## Work order
Only one span is wanted from the lines below: from the one with "This is a nice" up to and including the one with "And immediately, subscript". Copy it exactly, without images.

## Supplied material
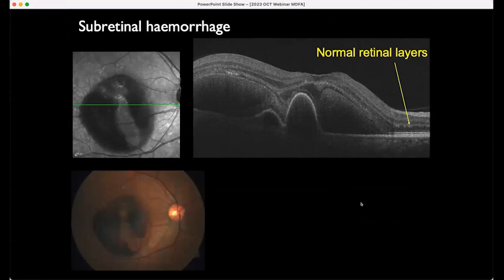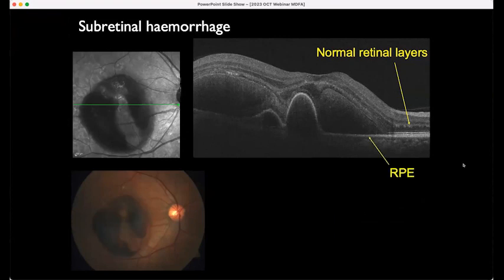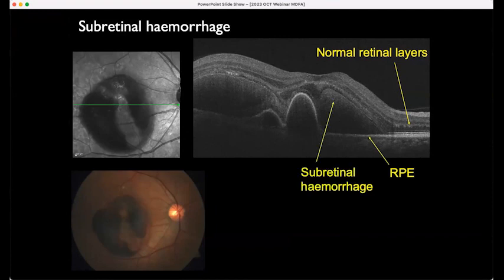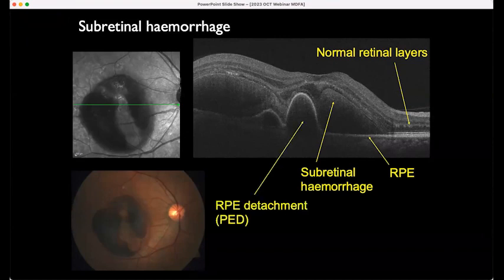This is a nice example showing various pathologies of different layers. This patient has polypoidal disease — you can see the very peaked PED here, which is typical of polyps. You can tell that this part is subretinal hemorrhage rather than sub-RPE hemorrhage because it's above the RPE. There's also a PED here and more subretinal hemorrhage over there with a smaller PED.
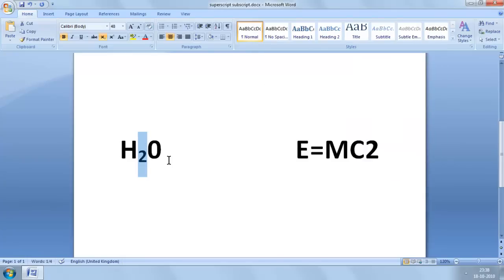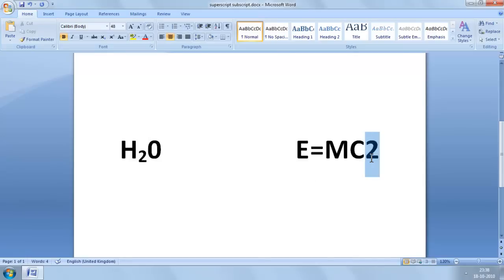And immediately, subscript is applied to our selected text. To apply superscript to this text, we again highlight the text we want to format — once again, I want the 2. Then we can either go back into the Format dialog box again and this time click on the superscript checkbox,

---

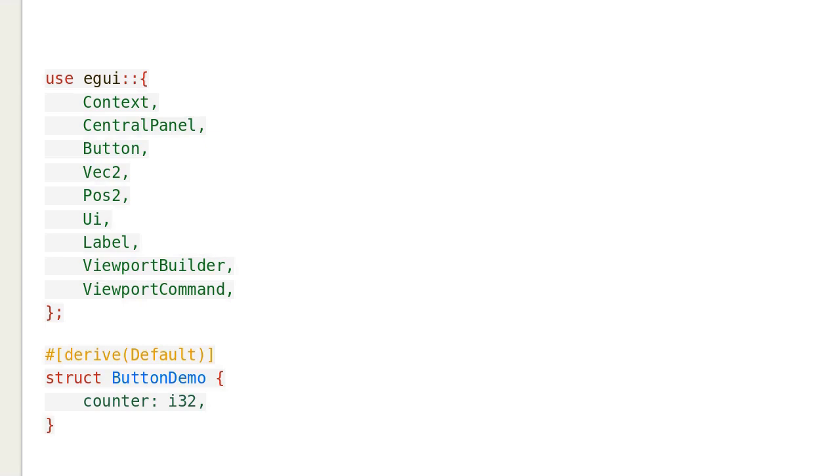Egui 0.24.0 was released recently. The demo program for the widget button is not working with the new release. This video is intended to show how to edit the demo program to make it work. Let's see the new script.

...

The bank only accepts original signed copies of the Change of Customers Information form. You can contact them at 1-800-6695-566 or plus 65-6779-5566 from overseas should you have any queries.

## Response to this task
This is a nice example showing various pathologies of different layers. This patient has polypoidal disease — you can see the very peaked PED here, which is typical of polyps. You can tell that this part is subretinal hemorrhage rather than sub-RPE hemorrhage because it's above the RPE. There's also a PED here and more subretinal hemorrhage over there with a smaller PED.
And immediately, subscript is applied to our selected text. To apply superscript to this text, we again highlight the text we want to format — once again, I want the 2. Then we can either go back into the Format dialog box again and this time click on the superscript checkbox,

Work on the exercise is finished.